Harry Rubin, professor emeritus of molecular and cell biology at UC Berkeley, acknowledges that cancer cells have mutations in hundreds of genes, making it hard to determine which are the key triggers and making prognosis and treatment equally difficult. Even normal tissue differs from person to person because of a myriad of less disruptive mutations and because of different environmental exposures, both of which affect future cancer risk.

But in the September issue of the journal Cancer Epidemiology, Biomarkers and Prevention, Rubin argues that, while it may be hard to dissect the role of each of these mutations, their collective effect should be observable in tissue before any cancers develop.

Specifically, increases in how densely the cells grow, which Rubin argues are a prelude to cancer, may be detectable even before the cancer appears, warning of risks that could be lessened by behavioral changes.

"Over a 50-year career, I've worked with cells transforming (into cancer) in culture and seen the first step in a dynamic way, seen cells continuing to multiply when they should have stopped," Rubin said. "This is the first step in cancer, though not yet cancer, and you can measure these changes quantitatively."

The problem, of course, is that it is impractical to test all the body's tissues to determine whether they have abnormal cell growth.
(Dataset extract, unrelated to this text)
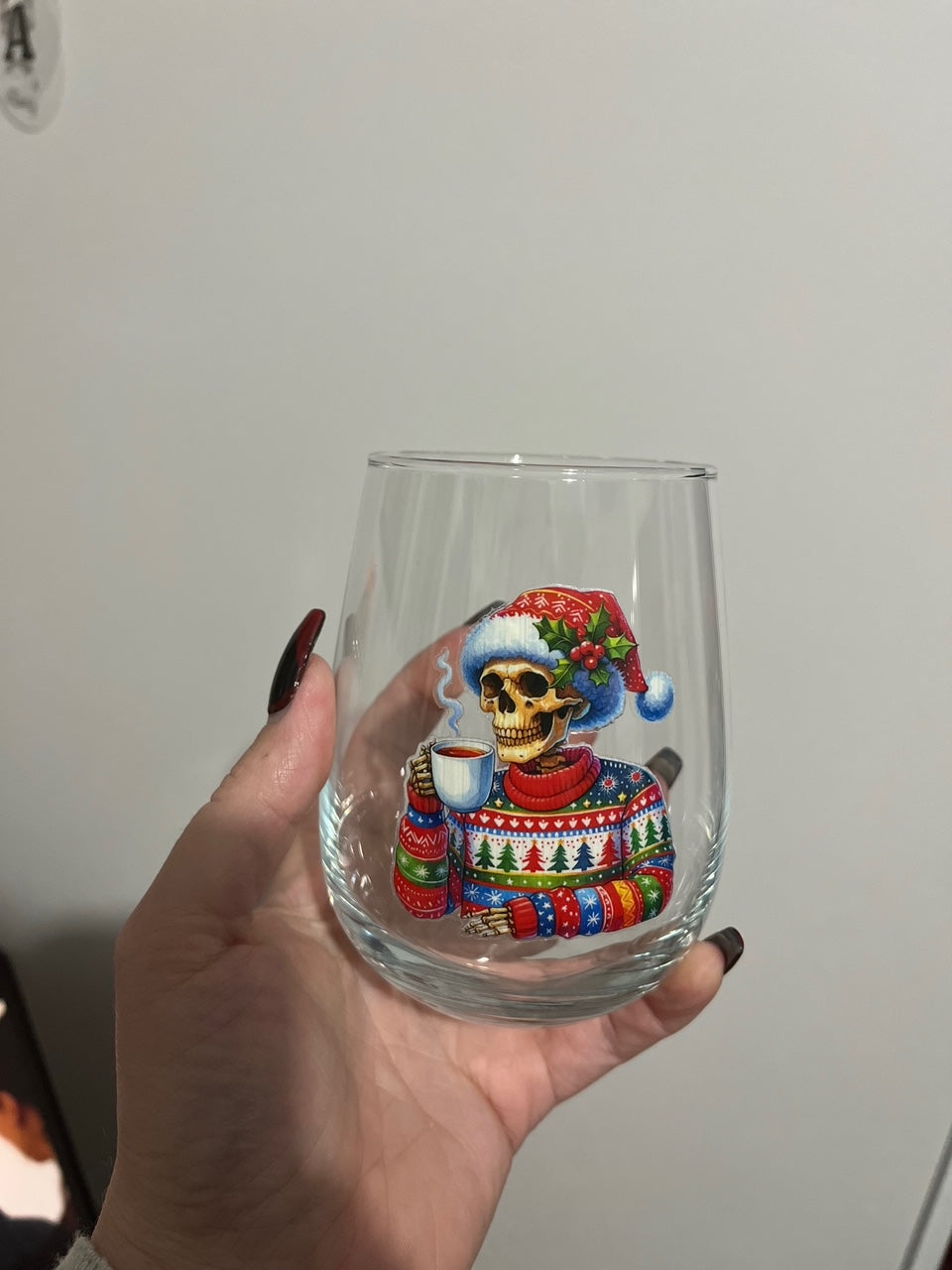 Christmas - Skeleton Glasses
But Rubin has found evidence from other studies that, in some cases, skin fibroblasts show these early changes even before cancer appears in other tissues, such as the colon.
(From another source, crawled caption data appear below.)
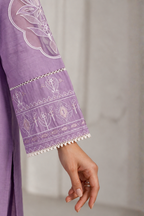Embroidered Kurta Dupatta Trouser - 3408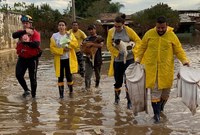 Vereadora Protetora Carol participa de ações de resgate e ajuda no Rio Grande do Sul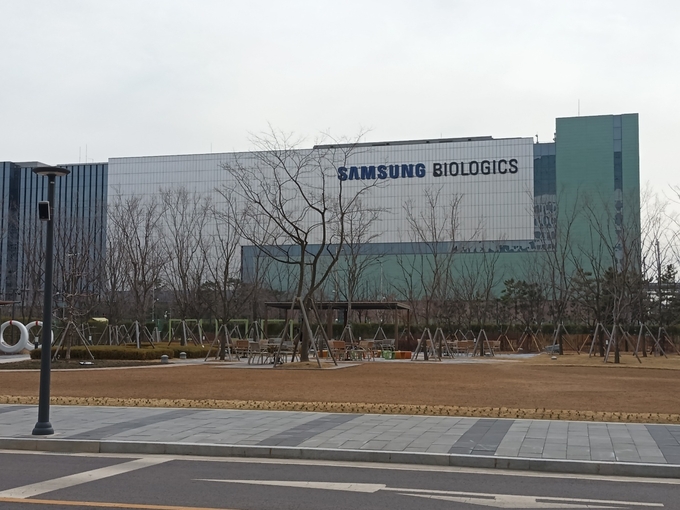 삼성바이오로직스 전경(사진=박제성 기자)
"The abnormal growth behavior of skin fibroblasts in cancer-prone individuals has suggested that, at least in some cases, cancer can be considered a systemic disease and that this difference in the behavior of skin fibroblast cells from such individuals may be a practical basis for prevention, diagnosis and management of the disease," he concluded in his paper.

"It's a great idea, scientifically; the question is, 'Is it there clinically?'" said Douglas Brash, professor of therapeutic radiology, genetics and dermatology at Yale School of Medicine. "This is interesting enough that someone should look to see whether it is clinically reliable."
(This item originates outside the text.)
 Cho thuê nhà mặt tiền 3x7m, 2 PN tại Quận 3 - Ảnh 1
Dr. Stuart H. Yuspa, co-chief of the Laboratory of Cancer Biology and Genetics at the National Cancer Institute, agreed. "Harry's ideas are always amazing, and I admired the paper," he said. "His idea has scientific support, and if it turned out to be correct, it could be extremely valuable for people, assuming they would want to know their risk."

Rubin bases his argument on various studies over the past 50+ years that show that cancers grow from a larger "field" of abnormally multiplying cells that otherwise look normal. These "field" cells are generally ignored by surgeons when they remove solid cancers - in fact, the large size of the field would make its total removal impossible - but pathologists have shown that the cells are capable of again giving rise to cancers.

"These cells have early mutations that could lead to cancer," Rubin said. "Even though they look normal, they multiply in places where they shouldn't and eventually accumulate enough mutations to form a carcinoma. They are the first stage in cancer, but not cancer."

The inappropriate growth - called cancerization - is a sign that the normal processes that stop growth when cells contact one another have been disrupted, though not fully, because otherwise the cells would invade the underlying connective tissue and become cancerous.

Rubin showed in experiments 15 years ago that if you take cells that grow normally in cell culture and encourage mutations, then select for behavioral abnormalities involving growth, you can get proliferation of cells that behave like cancerization field cells.

Similarly, while normal skin fibroblast cells grow to a certain density and stop, fibroblasts from cancer-susceptible individuals grow to an unusually high density in a Petri dish. That difference between fibroblasts from normal and cancer-susceptible individuals can be amplified to improve identification of those at risk of cancer, Rubin said.

Rubin suspects that the growth change in skin fibroblasts heralds a general change in all the body's epithelial tissue, that is, the tissues that line all the body organs. The most prevalent cancers - including colon, breast, lung, skin, head and neck - arise from epithelial tissue. In certain cancer-prone families, for example, the same mutated gene is found in all tissues, and the fibroblasts grow to high densities in culture, just like epithelial cells in a precancerous field do in the body.

"If this works out after studying a large number of cases, then the people who are found to have a high probability of developing cancer would be more likely to pay attention to their diet, exercise, weight, smoking and behaviors that are known to contribute to an increased risk of cancer," he said. "Basic studies of a cell culture model for field cancerization should reveal the conditions that drive or delay the process and could be applied in prevention of cancer."